The CanControlAgentSession Interface¶
interface CanControlAgentSession
{
public function onStage(AgentSessionStage $stage, AgentSession $session): AgentSession;
}
The AgentSessionStage enum defines the four interception points:
| Stage | When | Typical Use |
|---|---|---|
AfterLoad |
After loading from the store | Validation, enrichment |
AfterAction |
After the action has executed | Post-processing, derived state |
BeforeSave |
Before persisting to the store | Auto-suspend, status derivation |
AfterSave |
After successful persistence | Notifications, audit logging |
Using SessionHookStack¶
The SessionHookStack composes multiple controllers into a priority-ordered pipeline:
use Cognesy\Agents\Session\Contracts\CanControlAgentSession;
use Cognesy\Agents\Session\Data\AgentSession;
use Cognesy\Agents\Session\Enums\AgentSessionStage;
use Cognesy\Agents\Session\SessionHookStack;
use Cognesy\Agents\Session\SessionRuntime;
// Auto-suspend after every action
$autoSuspend = new class implements CanControlAgentSession {
public function onStage(AgentSessionStage $stage, AgentSession $session): AgentSession {
return match ($stage) {
AgentSessionStage::BeforeSave => $session->suspended(),
default => $session,
};
}
};
$hooks = SessionHookStack::empty()->with($autoSuspend, priority: 100);
$runtime = new SessionRuntime($repo, $events, $hooks);
Higher priority hooks run first.

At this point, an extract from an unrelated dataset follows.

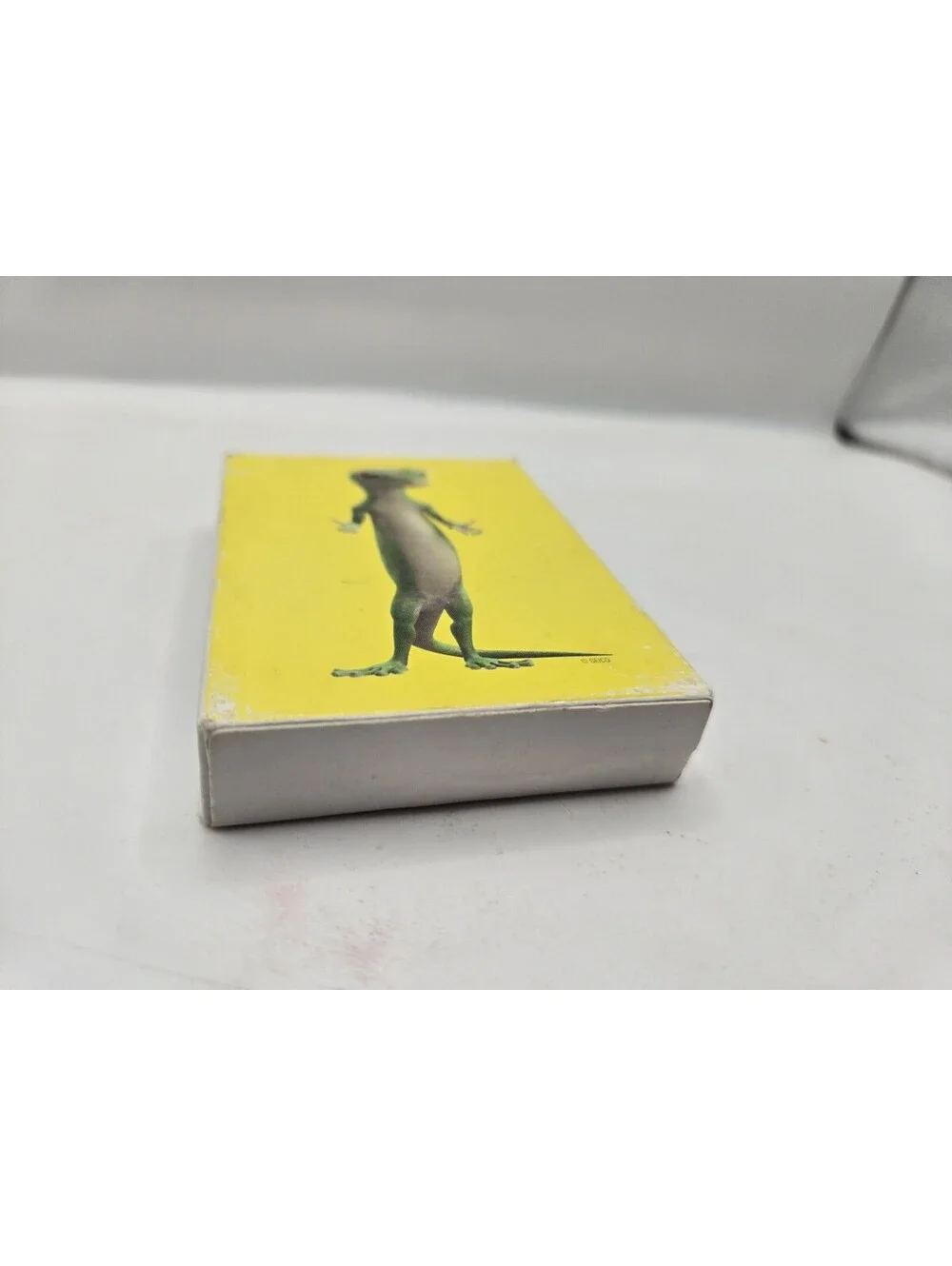 Vintage GEICO Gecko Advertising Playing Cards Deck Sealed Promo Mascot Collect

The SessionHookStack itself implements CanControlAgentSession, so you can also pass a single controller directly to the runtime constructor.
If no controller is provided, the runtime uses PassThroughSessionController, which returns the session unchanged at every stage.
Events¶
The SessionRuntime emits events at key points in the pipeline. All events are dispatched through the CanHandleEvents instance passed to the runtime constructor.
| Event | When | Key Data |
|---|---|---|
SessionLoaded |
After successfully loading a session | sessionId, version, status |
SessionActionExecuted |
After an action completes (before save) | sessionId, action class name, before/after version and status |
SessionSaved |
After successful persistence | sessionId, version, status |
SessionLoadFailed |
When loading throws an exception | sessionId, error, errorType |
SessionSaveFailed |
When saving throws an exception | sessionId, error, errorType |
You can listen for these events to build dashboards, audit logs, or monitoring alerts:
use Cognesy\Agents\Session\Events\SessionActionExecuted;
use Cognesy\Agents\Session\Events\SessionSaveFailed;
$events->addListener(SessionActionExecuted::class, function (SessionActionExecuted $e) {
logger()->info("Session {$e->sessionId}: {$e->action} executed, "
. "version {$e->beforeVersion} -> {$e->afterVersion}");
});
$events->addListener(SessionSaveFailed::class, function (SessionSaveFailed $e) {
logger()->error("Session {$e->sessionId}: save failed - {$e->error}");
});
Writing Custom Actions¶
To create a custom action, implement the CanExecuteSessionAction interface:
use Cognesy\Agents\Session\Contracts\CanExecuteSessionAction;
use Cognesy\Agents\Session\Data\AgentSession;
final readonly class ArchiveSession implements CanExecuteSessionAction
{
public function __construct(
private string $archiveReason,
) {}
public function executeOn(AgentSession $session): AgentSession
{
// Store the reason in metadata, then mark as completed
$state = $session->state()->withMetadata('archive_reason', $this->archiveReason);
return $session->withState($state)->completed();
}
}
// Usage
$runtime->execute($sessionId, new ArchiveSession('Ticket resolved'));
Actions should be pure transformations on the session. Side effects (external API calls, notifications) are better handled through session controllers or event listeners.